16En in de eerste maand, op de veertiende dag der maand, zal het Pascha voor de Here zijn. 17Op de vijftiende dag dier maand zal er een feest zijn; zeven dagen lang zullen ongezuurde broden worden gegeten. 18Op de eerste dag zal er een heilige samenkomst zijn, gij zult generlei slaafse arbeid verrichten. 19En gij zult de Here een vuuroffer, een brandoffer brengen; twee jonge stieren, één ram en zeven éénjarige schapen; gaaf zullen zij zijn. 20Het bijbehorend spijsoffer, fijn meel aangemaakt met olie, drie tienden bij een stier en twee tienden bij de ram, zult gij bereiden; 21telkens een tiende zult gij bereiden bij elk van de zeven schapen. 22Voorts één bok als zondoffer om over u verzoening te doen; 23ongeacht het morgenbrandoffer, dat tot het dagelijks brandoffer behoort, zult gij deze bereiden. 24Dienovereenkomstig zult gij dagelijks gedurende zeven dagen de spijze van het vuuroffer, een liefelijke reuk voor de Here, bereiden; boven het dagelijks brandoffer zal het bereid worden met het bijbehorend plengoffer. 25En op de zevende dag zult gij een heilige samenkomst hebben, gij zult generlei slaafse arbeid verrichten.
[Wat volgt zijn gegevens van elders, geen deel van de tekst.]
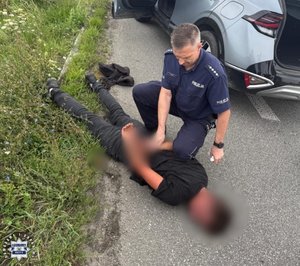 Policjant zakłada kajdanki zatrzymanemu mężczyźnie leżącemu na ziemi.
26En op de dag der eerstelingen, wanneer gij een nieuw spijsoffer de Here brengen zult, op uw feest der weken, zult gij een heilige samenkomst hebben, gij zult generlei slaafse arbeid verrichten. 27Dan zult gij een brandoffer brengen tot een liefelijke reuk voor de Here: twee jonge stieren, één ram, zeven éénjarige schapen; 28en het bijbehorend spijsoffer: fijn meel aangemaakt met olie, drie tienden bij elke stier, twee tienden bij de éne ram, 29telkens een tiende bij elk van de zeven schapen; 30één geitebok om over u verzoening te doen. 31Gij zult het ongeacht het dagelijks brandoffer en het bijbehorend spijsoffer bereiden, zij zullen gaaf zijn met de bijbehorende plengoffers.